Read Dragon of the Mangrooves Online
Authors: Yasuyuki Kasai
Then he stuffed his uniforms, smeared with dust and dirt, into a haversack.
After he had packed his mess kit with the inner tray containing Hirono’s finger bone, his canteen, and his ammunition boots, he painstakingly tied the swollen haversack to the bamboo pole with a hempen cord. As the finishing touch, he attached his bayonet and a rubber pouch, keeping three precious grenades inside, to the belt of his fundoshi. Now all was ready. He inhaled deeply. The air filling his lungs was damp and smelled of saltwater. Nevertheless, it felt somewhat bracing.
Abruptly a stifling holler was heard from their right. “Fifth Platoon! Where is Fifth Platoon?”
One gaunt soldier threaded through the tree trunks and came running toward them. Tomita promptly responded, “Here we are! I’m the acting commander.”
Tomita eagerly threw his arm about and shook his white sash with another hand. The soldier could be an orderly dispatched belatedly by the company HQ.
He came up to Tomita and said, “I pass on an order from the company commander! All the Machine Gun Company should cross the creek and shift to Lamu by breaking through all the marshes in the opposite bank. If needed, all are allowed to occupy positions at Leikdaung Island on the way, assemble there, and destroy the pursuing enemy. Over!”
Although the wording sounded ridiculous, this meant that the crossing operation had gone into action. Kasuga swallowed his saliva and waited for instructions. He was in the middle of the tropics; nonetheless, the night air touching his naked body was so cold that he got goose bumps.

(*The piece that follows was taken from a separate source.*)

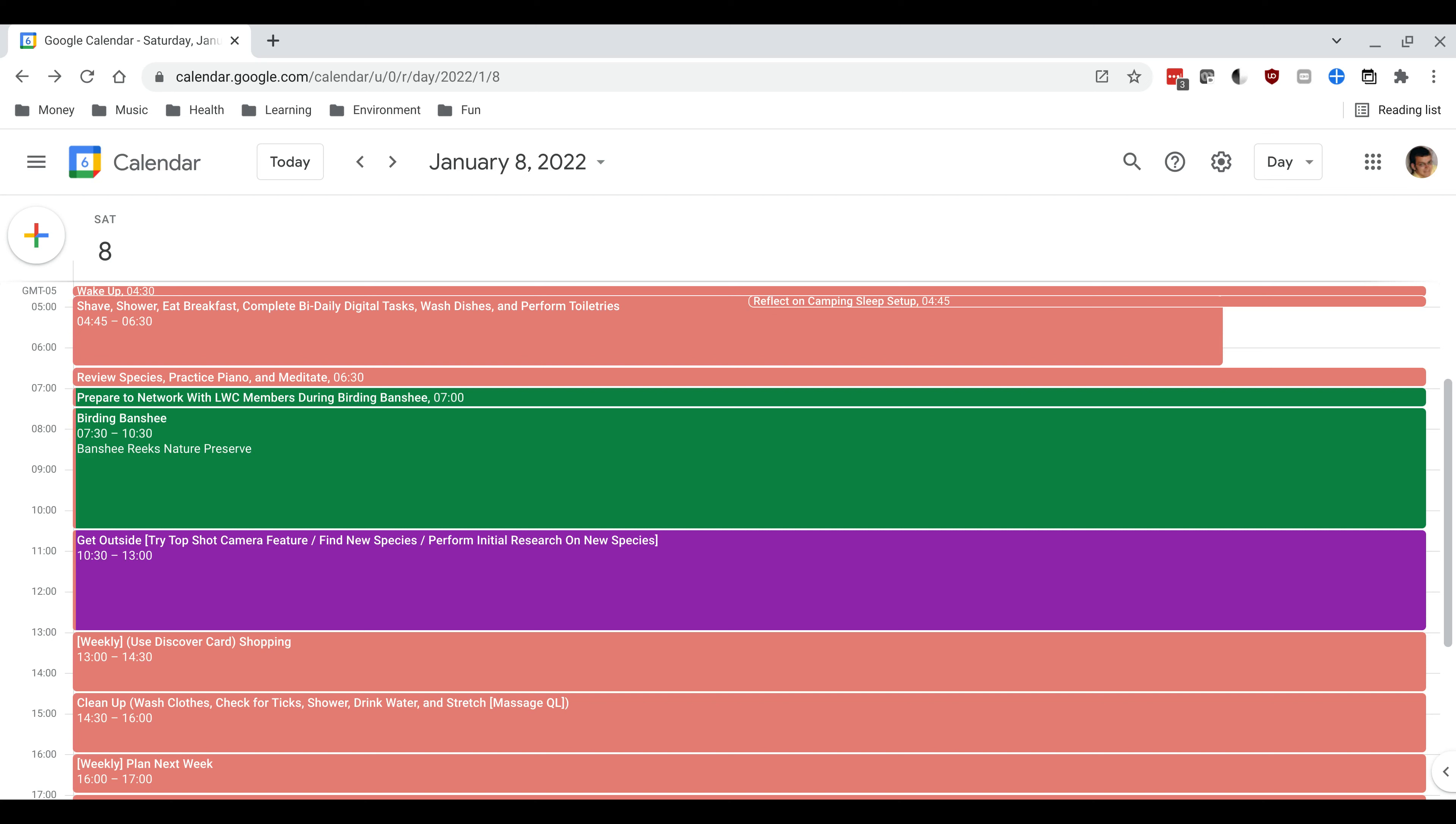I might actually need to modify this because my intent for the next event getting outside, which is usually hiking but could be other activities as well, my intent for that get outside event is to go walk around a little bit more by myself at Banshee Reeks. But of course I won't need to travel there because I'll already be at Banshee Reeks. So I might need to adjust the schedule a little bit.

Tomita said seriously, “Hey, men! You fought well up to now. Though it ended up a retreat to our regret, you have nothing to feel ashamed of. Swim to the mainland, no matter what. Let’s go!”
Tomita had already gotten naked, save for his fundoshi. He put his pistol, tucked in a rubber pouch, on his head, wrapped a rag over his head and cheeks, and tied it up under his chin, which looked weird. With Tomita in the lead, every soldier stepped into the water without a word. Kasuga also followed. When his thigh soaked in the viscid saltwater, he felt the festering wound reopen. It should have been excruciatingly painful, but, strangely, no pain struck him; his senses had been paralyzed at the border between life and death.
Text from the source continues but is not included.